Locate each line with the string "view" in the listing below and copy it.
###
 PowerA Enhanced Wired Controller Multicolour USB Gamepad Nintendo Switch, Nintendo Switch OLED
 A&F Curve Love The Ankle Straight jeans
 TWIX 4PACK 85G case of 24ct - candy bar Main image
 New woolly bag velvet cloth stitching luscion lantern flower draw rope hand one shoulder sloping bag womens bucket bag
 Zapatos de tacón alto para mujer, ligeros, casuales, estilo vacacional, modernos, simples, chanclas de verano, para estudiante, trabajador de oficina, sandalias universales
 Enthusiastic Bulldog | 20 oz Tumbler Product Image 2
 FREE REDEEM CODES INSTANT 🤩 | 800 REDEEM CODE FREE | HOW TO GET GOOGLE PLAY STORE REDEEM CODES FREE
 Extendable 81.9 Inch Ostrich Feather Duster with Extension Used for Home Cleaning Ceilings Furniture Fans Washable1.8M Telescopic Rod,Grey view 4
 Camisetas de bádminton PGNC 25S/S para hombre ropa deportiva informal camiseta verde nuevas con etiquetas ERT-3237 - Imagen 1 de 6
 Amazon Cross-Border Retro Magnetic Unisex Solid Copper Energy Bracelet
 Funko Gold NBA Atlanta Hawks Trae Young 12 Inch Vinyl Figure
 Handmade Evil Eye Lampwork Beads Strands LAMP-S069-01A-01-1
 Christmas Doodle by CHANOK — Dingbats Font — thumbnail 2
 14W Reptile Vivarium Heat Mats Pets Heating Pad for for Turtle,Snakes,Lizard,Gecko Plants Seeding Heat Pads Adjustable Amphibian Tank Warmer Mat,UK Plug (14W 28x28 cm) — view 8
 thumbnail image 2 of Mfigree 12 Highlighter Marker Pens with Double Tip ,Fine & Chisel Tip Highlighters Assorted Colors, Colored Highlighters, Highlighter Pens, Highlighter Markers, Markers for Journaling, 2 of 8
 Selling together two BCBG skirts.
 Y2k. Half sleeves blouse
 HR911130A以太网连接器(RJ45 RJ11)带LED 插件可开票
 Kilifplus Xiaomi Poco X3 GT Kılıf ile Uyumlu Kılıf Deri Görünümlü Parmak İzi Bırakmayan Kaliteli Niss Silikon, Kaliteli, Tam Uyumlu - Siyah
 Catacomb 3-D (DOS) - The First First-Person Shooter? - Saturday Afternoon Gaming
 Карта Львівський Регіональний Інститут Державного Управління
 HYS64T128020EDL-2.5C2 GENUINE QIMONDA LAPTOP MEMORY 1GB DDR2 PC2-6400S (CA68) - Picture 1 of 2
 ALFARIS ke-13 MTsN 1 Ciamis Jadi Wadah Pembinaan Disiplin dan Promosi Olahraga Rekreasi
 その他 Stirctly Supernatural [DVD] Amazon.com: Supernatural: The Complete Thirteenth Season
###
◆ **The completed task**
 Extendable 81.9 Inch Ostrich Feather Duster with Extension Used for Home Cleaning Ceilings Furniture Fans Washable1.8M Telescopic Rod,Grey view 4
 14W Reptile Vivarium Heat Mats Pets Heating Pad for for Turtle,Snakes,Lizard,Gecko Plants Seeding Heat Pads Adjustable Amphibian Tank Warmer Mat,UK Plug (14W 28x28 cm) — view 8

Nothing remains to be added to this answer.